With as much work put in as possible, the decision has been made to write a book on the bridges in Schleswig-Holstein. This five-year project will focus on the bridges, past and present, which has shaped the state and its infrastructure, while at the same time, fostered tourism, business and commerce, especially over the last 150+ years. At the same time, however, we will look at the engineers who left their mark in the state while those, who originated from S-H, emigrated to other places to leave their legacies.  The work will be written in three languages: German, English and Danish, reflecting on the languages of the residents and those who are interested in reading this piece and visiting the sites.

 

I’m looking for the following in order to complete this book project:

 

  1. Old photos, postcards and information on the bridges in Schleswig-Holstein, especially including the previous crossings (those that were replaced with today’s modern structures) and ones that no longer exists. This includes bridges in towns and cities as well as along the rivers: Stör, Eider, Sorge, Trave, Aarau, Treene and Schwentine, and also those along the canals: Alte Eider, Lauenburg-Lübeck and Gieselau.

 

  1. Stories about the bridges in Schleswig-Holstein that are memorable and worth mentioning in the book. Already mentioned in the book on the Eider Bridge in Friedrichstadt, sometimes stories and memories about the bridge makes the crossing one worth remembering.

 

  1. Information on the bridge engineers in Schleswig-Holstein who left their mark in bridge building, apart from Friedrich Voss as well as those who originated from the state that left their mark elsewhere, like Lawrence H. Johnson.

 

  1. As the book will feature the Danish version, I’m looking for a Danish translator, preferably either a native speaker or one who has mastered the language (as the Germans would say, Sicher in Wort und Schrift)

 

If you have any information that will be of use for the book or would like to support the book project in anyway, shape or form, please use the contact form below and send me a line.

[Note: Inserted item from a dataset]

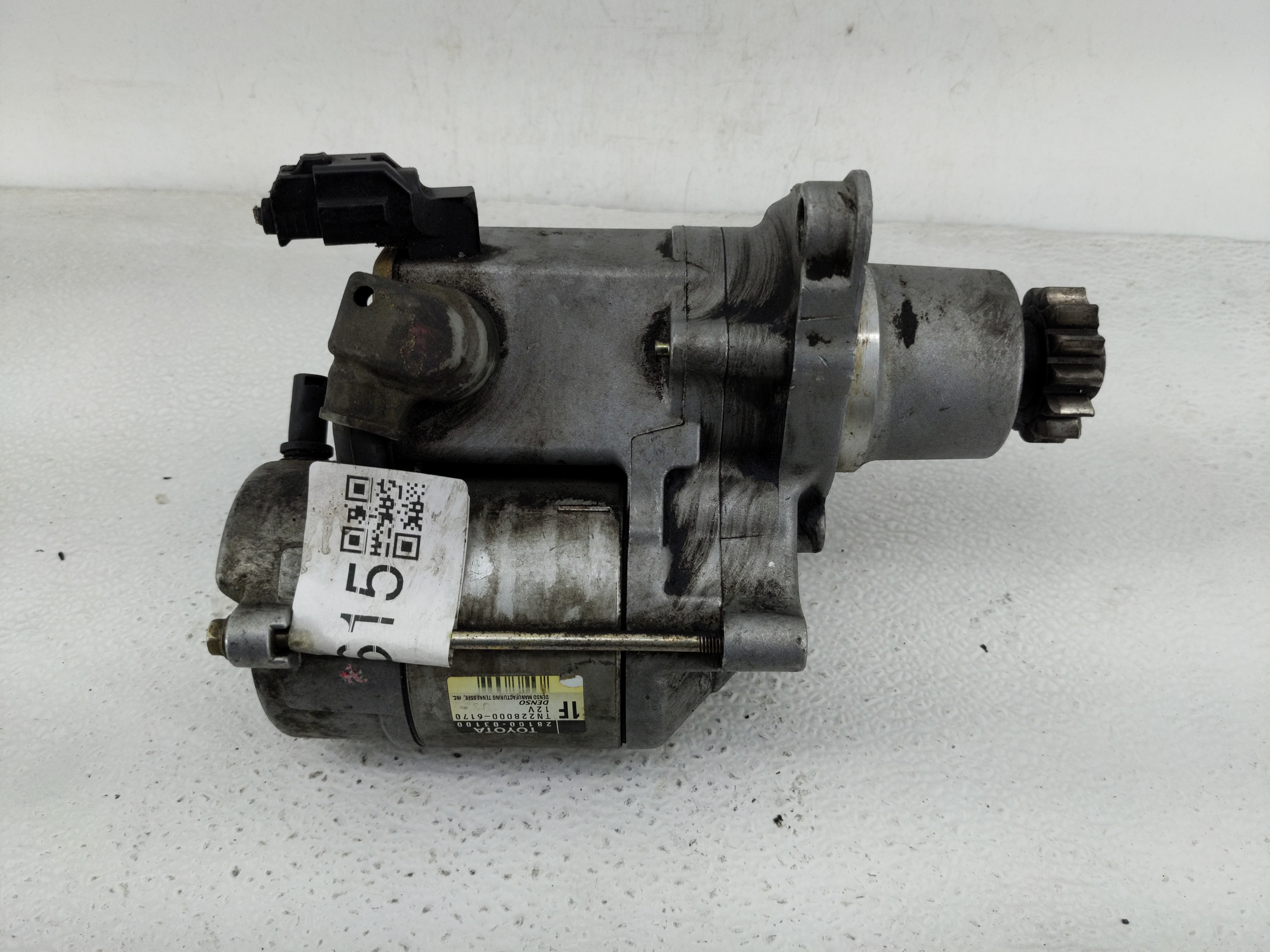 Picture of 1995-2001 Toyota Camry Car Starter Motor Solenoid Oem 1227615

You can also contact the Chronicles via facebook by using its messenger on its page. Additional contact information is available by request.

 

 

Please feel free to pass this information around to anyone who wants to contribute, as this is open to not only bridge experts and enthusiasts, but also locals and people who either have knowledge of the bridges in Schleswig-Holstein, are willing to help out or both.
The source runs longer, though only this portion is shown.